Sem um projeto imediato para reaproveitamento da área, muitas casas foram saqueadas e desmontadas. “Citadinos usavam o material para construir casas em novos bairros, como a Vila Alegre”, explica Rodrigo. Só no final dos anos 1980, a área começou a ser novamente ocupada com projetos de habitação popular. Assim nasceu a nova Vila Piloto

A força do mutirão

O bairro ressurgiu das próprias mãos dos moradores. Cecílio Rodrigues da Paz, de 76 anos, mora na Vila Piloto há 35 e participou do mutirão que ergueu as primeiras 93 casas. “Doaram o terreno, o governo deu o material e a gente entrou com a mão de obra”, conta. Para garantir sua moradia, ele e a esposa revezavam turnos. “Trabalhava no PAN o dia todo, à noite vinha para a obra. Sábado, domingo e feriado também. A mulher completava as horas que eu não conseguia.”
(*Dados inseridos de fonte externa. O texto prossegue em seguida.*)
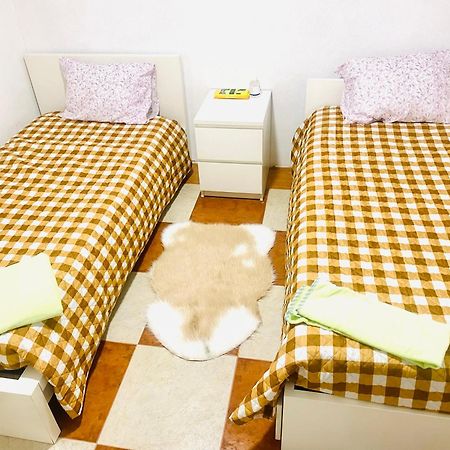 Vitoria Japji Guest House Esmeriz מראה חיצוני תמונה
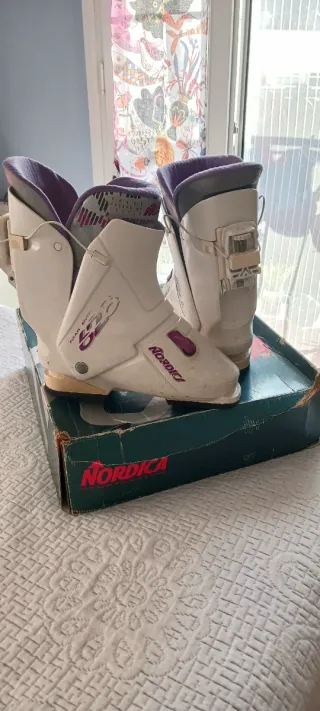 Botas de Ski Nordica 25.5 (39) Blancas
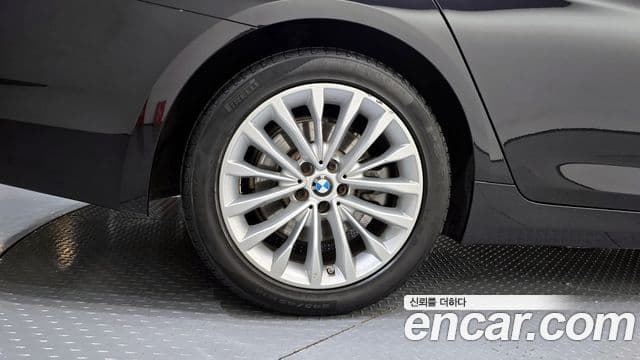 BMW 5 Series 2018 — фото 5 из 20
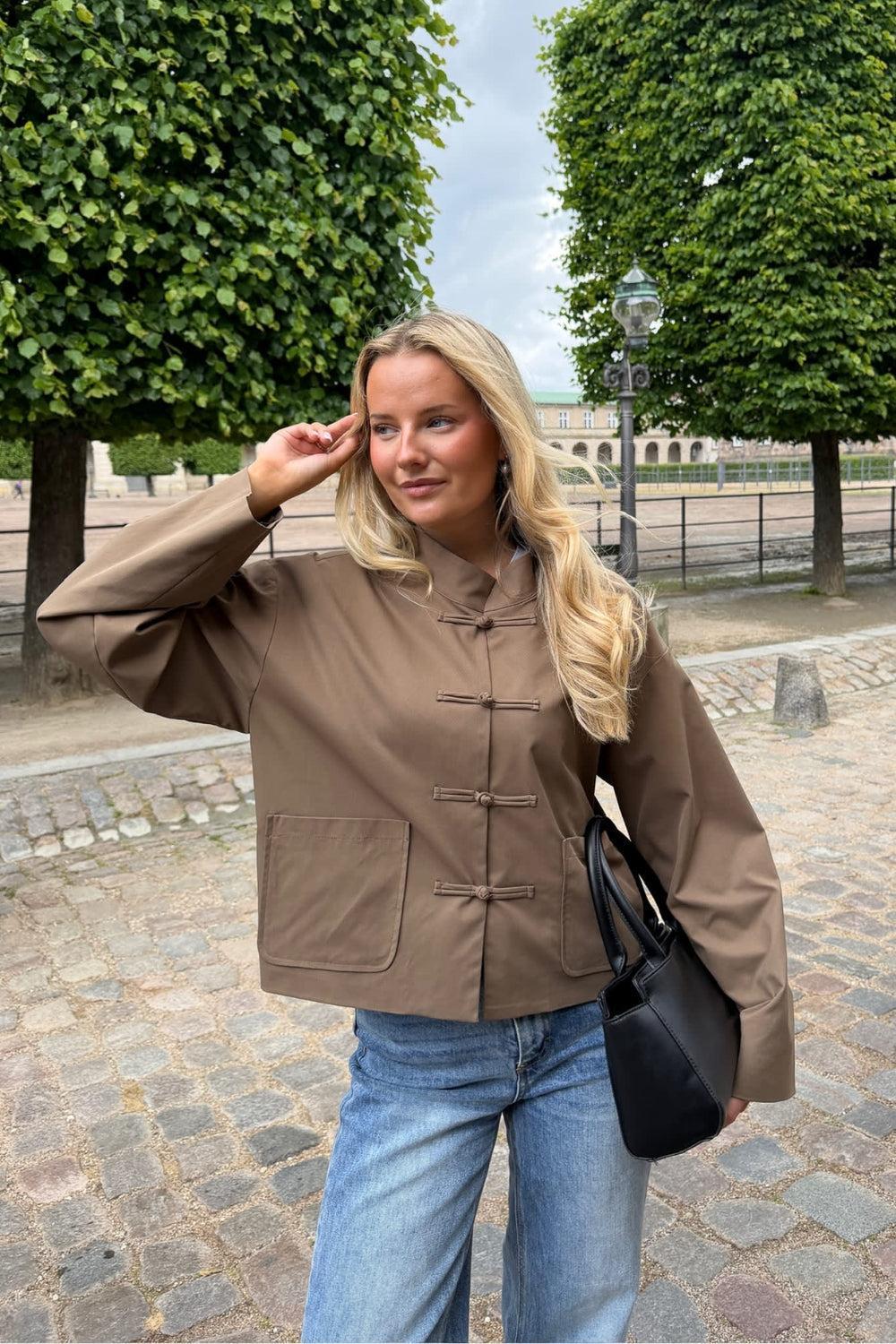 EvaIC Jacket Dark Brown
Eurides Lopes dos Santos, de 74 anos, também fez parte da construção do bairro — literalmente. Funcionário público, ele ajudava a levantar casas nos horários de folga. “Foi uma época muito boa, todo mundo unido. Aqui a gente já fez de tudo pela nossa comunidade”, recorda com orgulho. Ele ainda participou da desmontagem da antiga Vila Piloto, reaproveitando o material no bairro atual. “Para mim, a Vila é uma só.”

Um bairro e um lar

Mais de 10 mil pessoas vivem hoje na Vila Piloto, um dos bairros mais populosos da cidade. Do traçado circular original, surgiram as Vilas Piloto I, II, III, IV e V. Mas, para quem vive ali, tudo é simplesmente “a Piloto”. Um lugar onde a identidade não se divide.
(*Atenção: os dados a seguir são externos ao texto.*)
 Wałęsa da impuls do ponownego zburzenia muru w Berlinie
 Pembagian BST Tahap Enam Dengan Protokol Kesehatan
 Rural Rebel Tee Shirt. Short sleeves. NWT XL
Maria Nilza, de 63 anos, também é uma das pioneiras. Trabalhava o dia inteiro no frigorífico e, à noite, ajudava a erguer sua casa. “Era todo mundo junto. Descia do ônibus e ia direto para o mutirão. Hoje moro na minha casinha até hoje. Gosto demais daqui”, conta. Ela se diverte ao lembrar das confusões de quem não conhece o bairro: “Como é redondinha, o povo se perde. Vai e volta na mesma rua!”

Cultura viva e tradição

Na Vila Piloto, o espírito de comunidade segue firme. Há 30 anos, moradores realizam uma tradicional festa junina nas ruas do bairro. E foi aqui que surgiu a única escola de samba de bairro da cidade: a X-15, com samba, batuque e muita paixão. “Se não tiver desfile, a gente põe na avenida da Vila mesmo”, brinca uma moradora.
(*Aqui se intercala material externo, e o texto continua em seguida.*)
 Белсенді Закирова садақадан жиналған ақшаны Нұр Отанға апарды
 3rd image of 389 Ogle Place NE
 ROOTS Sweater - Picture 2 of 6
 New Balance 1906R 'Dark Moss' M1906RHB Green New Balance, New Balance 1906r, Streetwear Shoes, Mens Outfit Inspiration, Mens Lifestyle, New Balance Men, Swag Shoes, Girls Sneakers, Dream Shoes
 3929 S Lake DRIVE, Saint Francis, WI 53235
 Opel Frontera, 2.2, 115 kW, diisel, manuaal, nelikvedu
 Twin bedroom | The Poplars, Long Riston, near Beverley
Nas curvas perfeitas da Vila Piloto, traçadas há mais de meio século, ainda ecoam os sons dos mutirões, as conversas nas calçadas e as histórias que entrelaçam gerações. O bairro que nasceu para ser temporário virou morada definitiva para milhares de famílias, que construíram com as próprias mãos muito mais do que casas: construíram um lar.

Porque, para quem vive aqui, a Vila Piloto não é apenas um ponto no mapa. É um círculo de memórias, afeto e raízes que se renova a cada geração.